ABCクッキングスタジオが、中国で展開している全12店舗を一斉閉店し、清算手続きに入ったことが物議を醸している。会費や授業料等、高額な費用を納めていた会員たちからは返金を求める声が噴出している。同スタジオは返金に応じる姿勢を見せているが、全額が返金されるかは不透明なうえ、清算発表の前日まで会員を募集していたことなどから、企業倫理を問う声も多い。

 1985年に静岡で調理器の販売店を併設した料理教室として始まったABCクッキングスタジオは、今や世界に約170万人の会員数を誇るほどに急成長。アジアで130店舗以上、中国でも一時20店舗以上を展開していた。だが、中国の経済成長の鈍化とともに店舗は減っており、直近では12店舗が残っていたが、7月31日付で全店を一斉に閉鎖し、清算手続きに入ったと発表。

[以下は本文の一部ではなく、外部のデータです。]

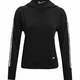 Women’s Hoodie Under Armour Rival Terry Taped - Black - Black
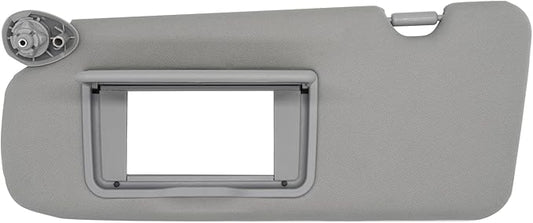 NHILES Driver Left Side Sun Visor Replacement Fits for Honda CR-V 2017-2022 Sunshade Without Light 83280TLAA02ZB Color: Gray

 会員たちからは、SNS上を中心に会費の返還を求める声が噴出。なかには数十万円に上る授業料を支払った人もいると報じられている。突然の閉鎖に困惑する客がいるのは推測に難くないが、問題は清算発表の直前まで会員を募集していたことだ。一部の店舗では清算手続きに入った7月31日まで募集を行っていたとみられている。

 ABCは公式声明で、「経済環境の変化により営業継続が困難になった」ことが要因と説明し、中国からの撤退に理解を求めているが、あまりにも不誠実な姿勢に批判の声が相次いでいる。

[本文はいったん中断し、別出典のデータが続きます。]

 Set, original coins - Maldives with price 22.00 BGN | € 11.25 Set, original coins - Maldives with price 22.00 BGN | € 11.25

 返金を求める声が相次いでいるが、ABCは会員に対して、専用のQRコードを通じて返金申請を行うよう呼びかけている。とはいえ、専門家たちは、全額の返還は難しいとの見方を示している。実際に、会員が「会社側弁護士から全額返金はおそらく難しいと言われた」と明かしているとも報じられている。

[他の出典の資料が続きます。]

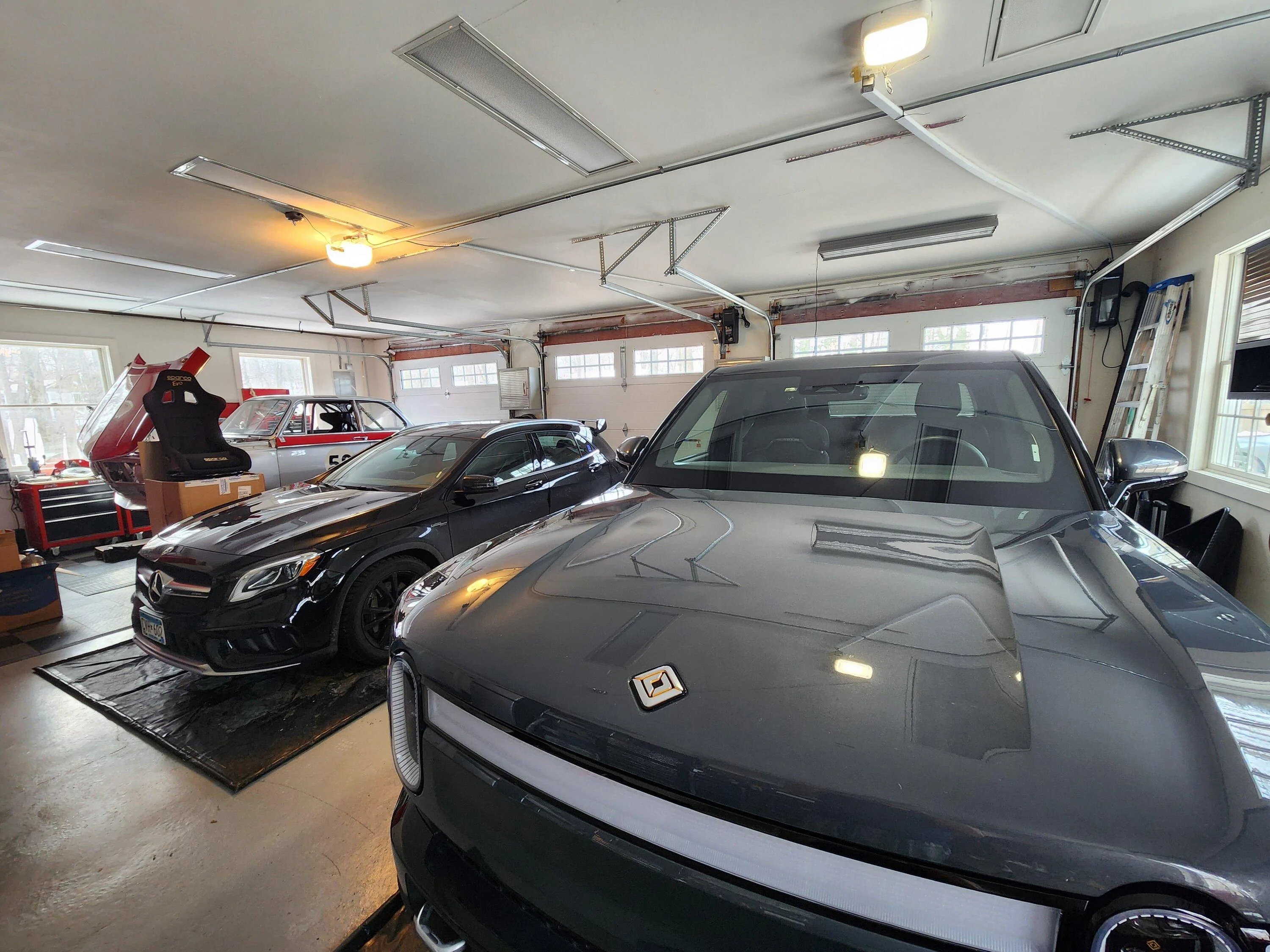 Rivian R1T R1S What I learned from my 12V battery swap 20230325_102611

 Business Journal編集部はABCに対して、事実確認および会員たちへの対応など今後の方針について問い合わせている。返答があり次第、追記する。

 また、ABCは日本国内でおよそ100店舗を展開しているが、国内店舗には影響がないとみられる。とはいえ、事前説明もせずに突然の店舗閉鎖や、清算する直前まで会員募集を行っていたことなど、同社に対する見方は厳しくなることも予想される。誠意ある対応と、全世界の会員に向けた説明が欠かせないのではないだろうか。